Selective call communication devices such as pagers using present day technology have the capability of receiving information (e.g., advertisements, news, sports information, and other types of information) besides the traditional personal messages received by pagers. One type of such non-personal message information, described herein simply as additional information, could be of benefit to advertisers who advertise using broadcast systems, such as commercial television systems. Advertisers would typically benefit if additional information could be gotten to persons who view presentations of advertisements on television sets or receive advertisements on broadcast radio receivers, if the additional information, or a method to obtain the additional information could be provided immediately, inexpensively to the user and advertiser, and without significant effort on the part of the user.

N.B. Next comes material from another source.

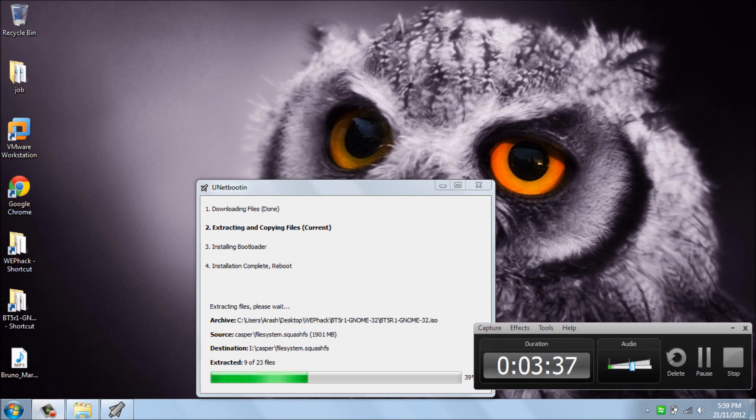And as you can see, it's stuck on 39%. I just paused the video for a while, and after that I will return back to you.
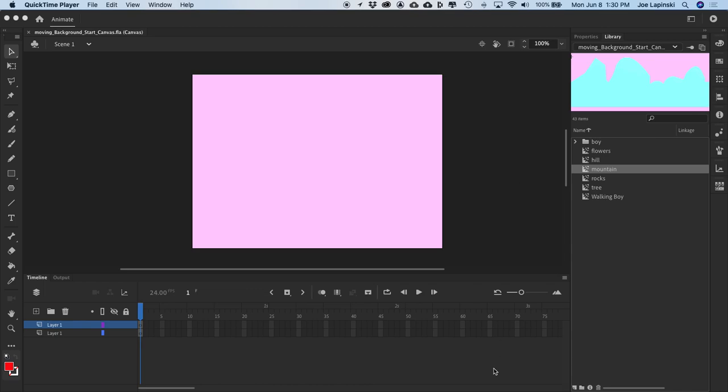Hello class. So this exercise is our looping background exercise. What is a looping background? Let's think of an example where we see it in use. A lot of 2D animation that we see on television, or even in film, but usually in television where the budget is maybe a bit lower — let's think of maybe the Simpsons.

U.S. Pat. No. 5,752,186 issued to Malackowski et al. on May 12, 1998, entitled “ACCESS FREE WIRELESS TELEPHONY FULFILLMENT SERVICE SYSTEM” describes methods in which a mobile telephone caller receives additional information relevant to a radio broadcast or other advertisement. In a first method, the caller perceives an access code, for example, on a billboard or in a radio broadcast. The caller then initiates a telephone call using an access telephone number (perhaps also transmitted in the broadcast or listed on the billboard), and by using the access code, obtains additional information relevant to the billboard or broadcast. In a second method, the caller's mobile telephone receives the access code from a roadside transmitter or radio broadcast, and automatically initiates a telephone call to receive the information. It will be appreciated that, in the first method, the caller must remember or note down numbers and use them to obtain the information, making it complicated for the caller. In the second method, all such access codes are automatically used to initiate a telephone call, making it expensive for the caller or the service supplier or the advertiser, or a combination of the three. In both instances, it will be appreciated that a telephone call is initiated by each caller obtaining the information, and that each response is uniquely conveyed to the caller, again making it expensive for the caller or the service supplier or the advertiser, or a combination of the three. Such an approach can provide additional information to the caller but does not typically achieve all of the objectives listed above.
What is needed, then, is a technique that provides additional information to a person who perceives a broadcast presentation of interest, and that achieves more of the objectives of being immediate, inexpensive, and simple for the user.